SARS-CoV-2 genomes from matched saliva and NP swabs are similar in completeness and content. (A) A cohort of matched saliva and NP swab samples from the same individual were sequenced and reads were subsampled to match the mate with fewer reads. A grey line connects the mates and an empty circle highlights the mate with lower coverage. (B) A maximum-likelihood tree of matched saliva and NP swab samples from Fig. 2A is rooted against the reference genome (NCBI Accession MN908947.3) to show pairwise identity. Tips of the tree aligning vertically indicate that the genomes from these samples are identical.

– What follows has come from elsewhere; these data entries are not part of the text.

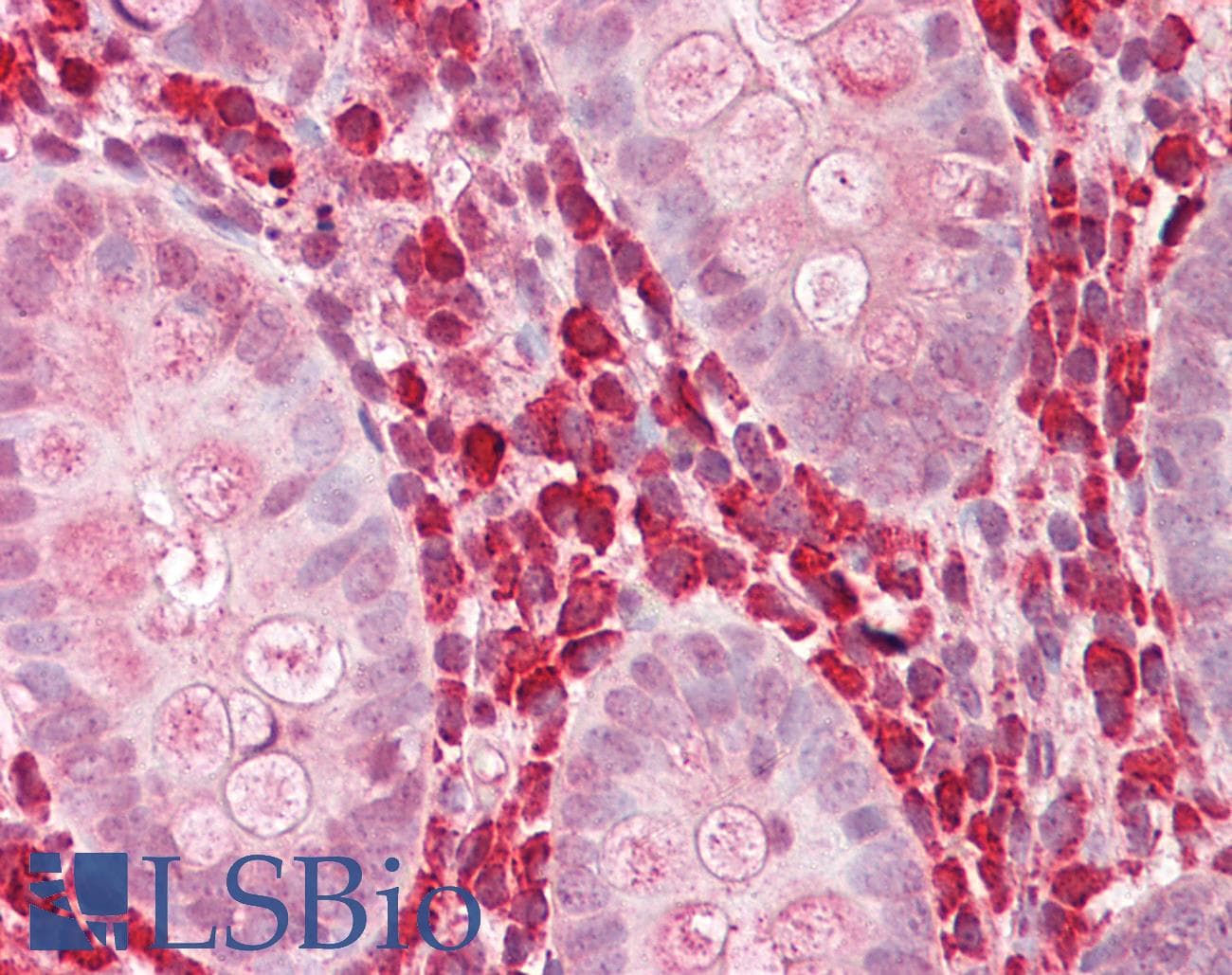 CHI3L1 / YKL-40 Antibody (aa198-247)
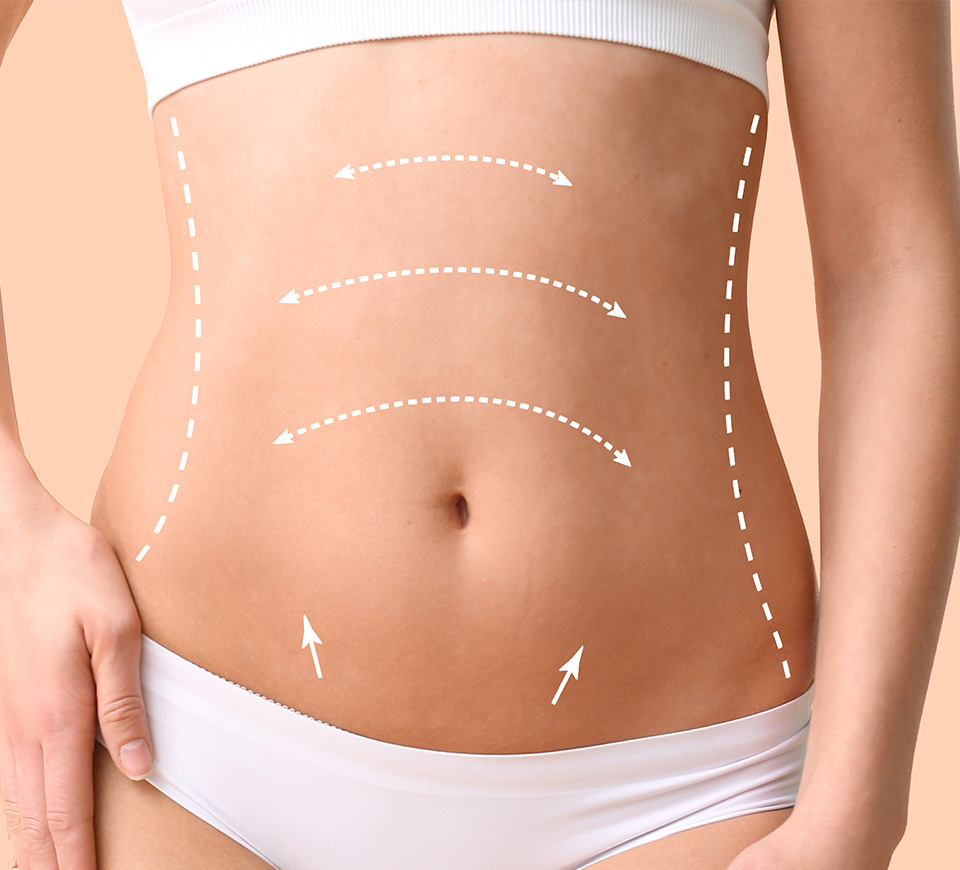 liposuccion ventre
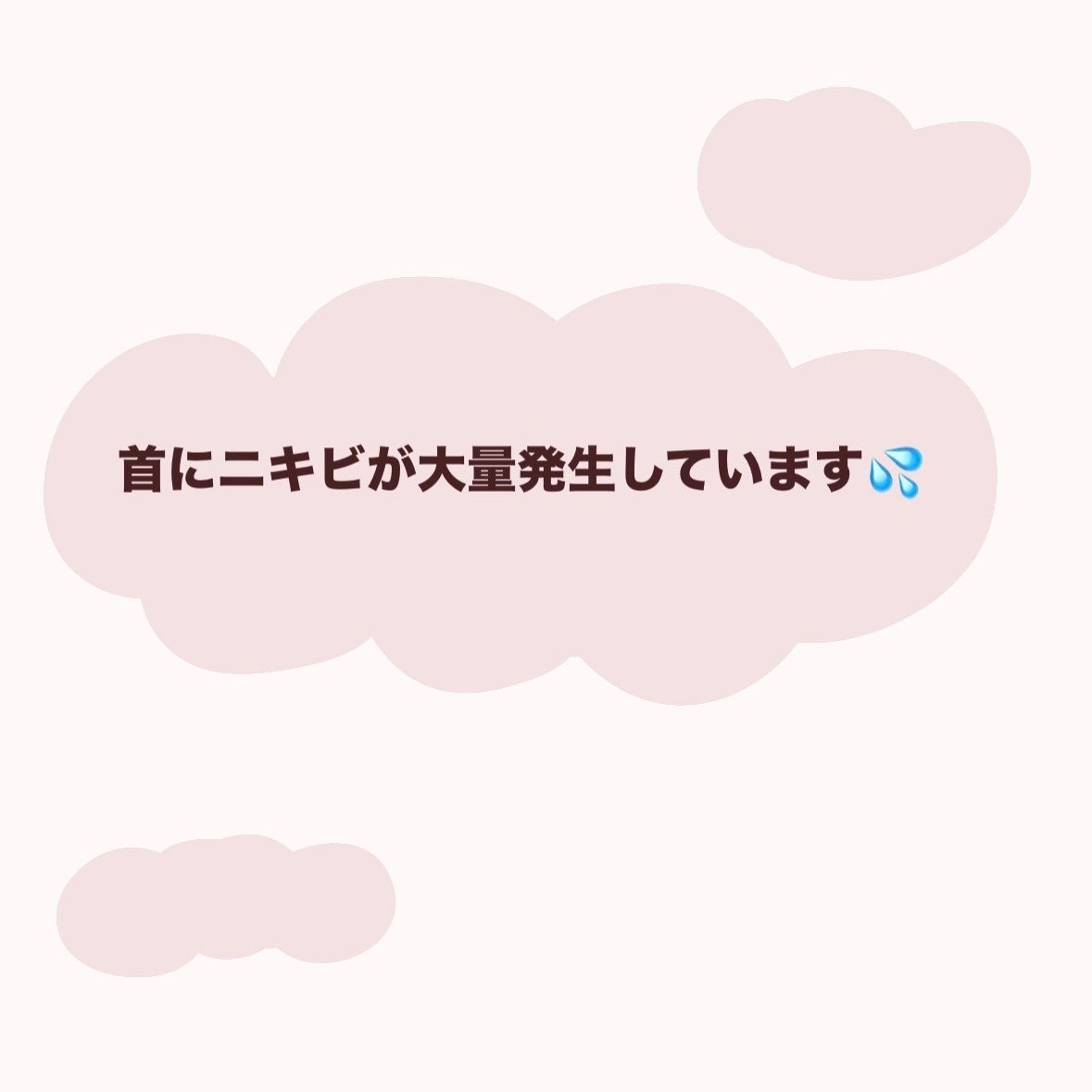 お芋ちゃん|10年以上ニキビに悩む保育士 on LIPS 「投稿するのを迷うくらい見られるのが嫌だったのですが、経過をまた..」(1枚目)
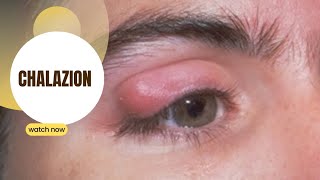 Chalazion (swollen eyelid)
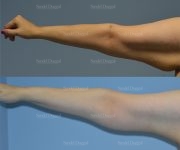 brachioplasty before and after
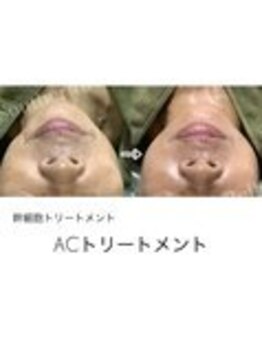 サザンベル 石垣店(SOUTHERN BELLE)/リアボーテACトリートメント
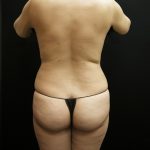 Liposuction Before & After Patient #2021
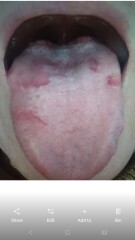 Possible B12 and Iron issues - GP not interested at all, what should I do?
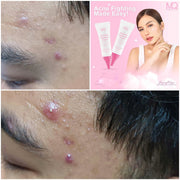 2 Packs M. Q. MQ Cosmetics Pimple & Dark Spot Eraser, 10g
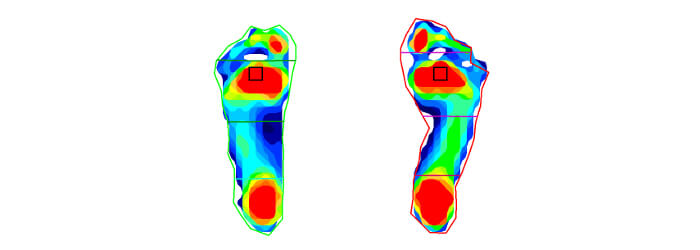Pressure imaging for foot function
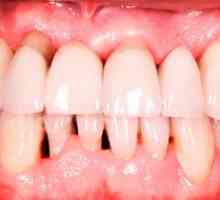Bolezen dlesni: vrste, opis, simptomi in zdravljenje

RNA extraction improves completeness of SARS-CoV-2 genomes from saliva

The removal of the RNA extraction step for SARS-CoV-2 diagnostic test can streamline workflows and has been demonstrated for multiple sample types, including saliva (Lübke et al. 2020; Smyrlaki et al. 2020; Vogels et al. 2021b). SARS-CoV-2 genomic sequencing workflows would similarly benefit in the time and cost reductions by removing RNA extraction steps. We attempted to sequence SARS-CoV-2 genomes from split saliva samples, where half of the sample underwent our normal RNA extraction procedure and the other half was processed according to our SalivaDirect protocol with a proteinase K and heat treatment instead of RNA extraction (Vogels et al. 2021b). While the extraction-free SalivaDirect protocol yielded similar SARS-CoV-2 Ct values to samples with RNA extraction, indicating similar levels of PCR detection, we found that sequencing from the SalivaDirect substrate led to a substantially lower genome completeness of 7.8 per cent ± 33.3 per cent compared to RNA extracted samples averaging 89.3 per cent ± 29.0 per cent completeness (Fig. 3A). In fact, of the eleven samples processed using our SalivaDirect protocol, only one sequenced genome met our standards of 80 per cent completeness, while the majority produced genomes that were less than 50 per cent complete. In comparison to the counterpart sample that did undergo RNA extraction, we sequenced nine out of eleven to >80 per cent completeness, including some samples with Ct values >30. We then investigated whether this observation could be attributed to insufficient data by calculating the percentage completeness of each genome at various levels of depth of coverage (Fig. 3B). Our analysis showed that increasing data per sample would improve genome completeness for only four of the samples processed with the extraction-free SalivaDirect protocol as evidenced by the large separation between data points in Fig. 3B. However, eight of these samples had no reads aligning to >90 per cent of the genome, indicating that more data would not have substantially improved completeness, even at low Ct values. Seven of the eleven lysates received >100,000 reads (Supplemental Data), indicating that unequal amplification accounts for incomplete genomes being generated from these samples. Thus, without further protocol optimization, RNA extract from saliva samples is necessary for sequencing complete SARS-CoV-2 genomes.
Figure 3.

RNA extraction dramatically improves SARS-CoV-2 genome completeness from saliva samples. (A) Saliva samples were split to perform either RNA extraction (blue) or SalivaDirect lysate (brown) preparation (incubation with Proteinase K at 95°C for 5 minutes; see Section 4) and were sequenced. The percent of genome with at least 20× coverage is plotted against the Ct value for the N1 target for matched samples (connected by grey line). (B) The percent of the genome at different coverage thresholds (legend, right) is plotted against Ct value for the N1 target for the same cohort of samples in panel A. Grey lines connect points related to the same sample.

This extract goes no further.